黄山日报 2020-09-14 03:45 大字
张全胜

城郊有片田野,当地村民在这里种油菜,种水稻。白天上下班开车经过的时候,不太关注车窗外的风景,晚饭后骑车锻炼路过这片田野,突然发现月光下稻子黄了,稻香浓了。

我顺着田埂走进稻田,任由这久违的熟悉的味道密不透隙地包裹着,任由这零乱而又韵味十足的蛙鸣声透过耳膜钻进我的身体,带动所有的细胞一起跃动着,回响着,带着我穿回几十年前,那无法忘怀的孩提时光。

那时候,稻田就是我们村里小伙伴最好的游戏场。拾稻子、割稻子,把捡满稻谷的竹篮递给大人,换得一声夸赞;捉泥鳅、捅黄鳝洞,用中指和食指紧紧地夹住黄鳝的脖子,拎起来放在小木桶里;扎草垛、钻草笼,从高高的稻草堆上勇敢地跳下来。

从天亮野到天黑,直到有人大声呼喝着:“歇工了,回家吃饭。”我们才恋恋不舍地散去。

我的家乡,黄山北麓的这座小县城,60年前为了建造太平湖(当时叫陈村水库),从东边十几里外的老县城搬过来,在层层稻田和大山之间的荒坡上慢慢长大。

最早记事的画面就是奶奶带着我看着门前的水田,大人在挥舞着鞭子赶着一头黝黑的水牛犁田,那位犁田的汉子突然扔出一条黄鳝来,夹带着一句:“老姐姐,给你小孙子炖汤喝吧。”

我开心地拿着竹条,抽着在路边翻滚着、试图逃回水田的黄鳝。奶奶一把揪住黄鳝在石板路上摔了几下,拿出剪刀,就着门前小河沟里的流水,很快地就拾掇好,拽着我回家炖黄鳝。

在田里忙活惯的人们对土地,尤其是对水田有一种特殊的感情。

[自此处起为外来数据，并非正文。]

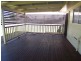 22 Calvin Street, Walloon QLD 4306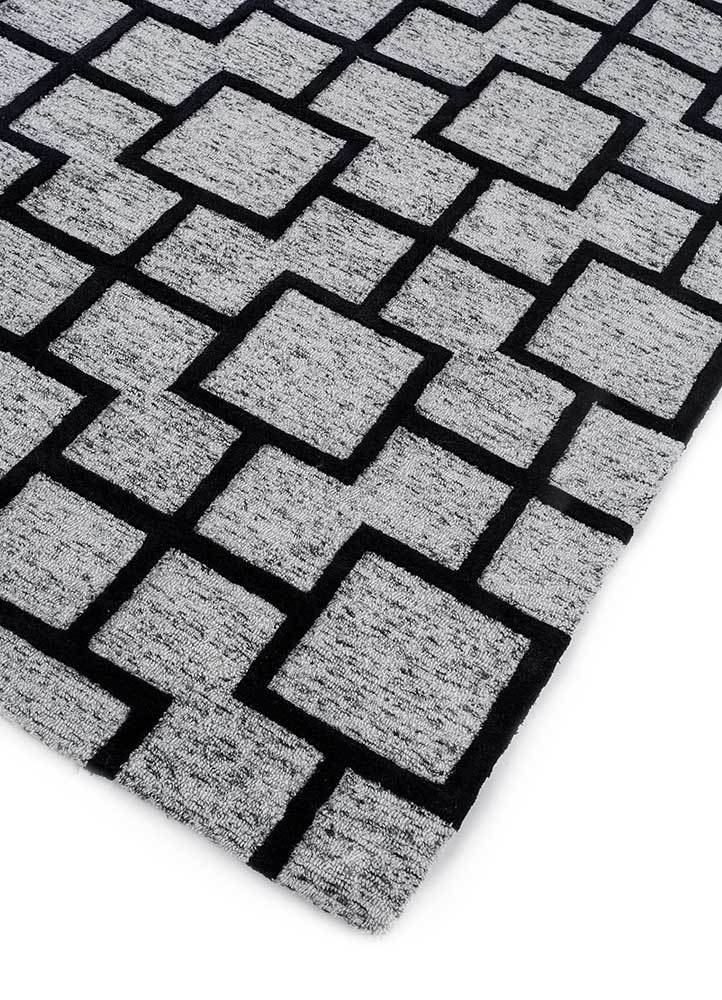 Wool Rug 150x240cm - Wool Rug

我的父母一直在田里劳作到村里所有的田地都变成房子的时候,才歇下种田的活。村子里的徐老汉是种田的好把式,当他家的田被征用,所在的村也变成了社区之后,他一直不肯老老实实地当一个市民,而是在城郊开荒,或者承包别人家的田耕种,继续着他的农民生活。每年秋收以后,我总能在父母房子旁边的那口古井边,看见他向洗衣、洗菜的老乡邻们,炫耀今年收了多少斤稻子;春夏之交收获油菜籽的季节,也见他郑重宣布自己在这个年头收获了多少油菜籽,可以换多少斤香油。他那不紧不慢的口气里,真真切切地流露出发自内心的成就感、满足感。

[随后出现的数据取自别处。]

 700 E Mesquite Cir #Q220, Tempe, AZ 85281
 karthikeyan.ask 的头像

前几年,因为我回家的时候一直没有看见他,就问父母,徐叔去哪儿了?

母亲叹了口气,去年的稻子收完以后,老徐生了场大病,走了。

“怎么没见他家办丧事呢?”

“办了,按照他的要求,就在城郊他耕作的水田旁,搭了间棚子,停了两日,算是跟他生生念念的水田作最后的告别,第三日就上山了。”

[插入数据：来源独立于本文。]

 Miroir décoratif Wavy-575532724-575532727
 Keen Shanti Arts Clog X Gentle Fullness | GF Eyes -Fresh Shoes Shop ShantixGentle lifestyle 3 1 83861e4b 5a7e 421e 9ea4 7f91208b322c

其实,我今晚所在的稻田,早就成了规划中的楼房、商城、车站或者其他什么城市中的建筑了。这里是黄山北麓最大、最平坦的一块开阔地。只是这里离老城区还有七八里地,暂时还未被日渐高涨的城建浪潮所吞没,但这片田野已经被压缩得越来越狭窄,几乎成了城郊附近的绝版田园。于是,这儿就成了摄影爱好者拍摄田园风光的好去处。这些年,每当油菜花开、秧田油绿、稻穗泛黄的季节,我都能看见,三三两两的人群来这里拍照、游赏。充满丰收气息的田园尽头,是整齐排列的粉墙黛瓦的农民新村,在摄影作品中成了最好的田园背景。

我不懂摄影,但我怀念记忆中的故土,以及那生机勃勃,芬芳无限的田野。拿出手机小心地拍下在这片月光下的稻田,今晚的田园永远留在我的心田里。